Below is some data. Retype exactly the lines starting at the one with "1403 Mack Street Gallery 7" and ending at the one with "(Foto) Închinare la".
== Excerpted records
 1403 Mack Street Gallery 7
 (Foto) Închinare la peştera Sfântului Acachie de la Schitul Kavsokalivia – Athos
====
== Excerpted records
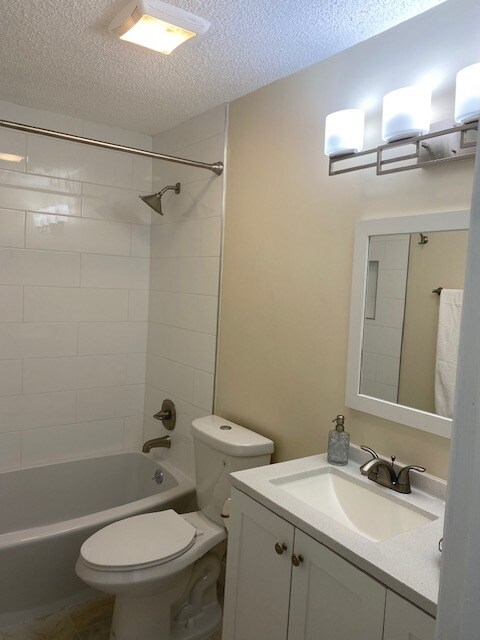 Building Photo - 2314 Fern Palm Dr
====
▶ _Your solution_:
 1403 Mack Street Gallery 7
 (Foto) Închinare la peştera Sfântului Acachie de la Schitul Kavsokalivia – Athos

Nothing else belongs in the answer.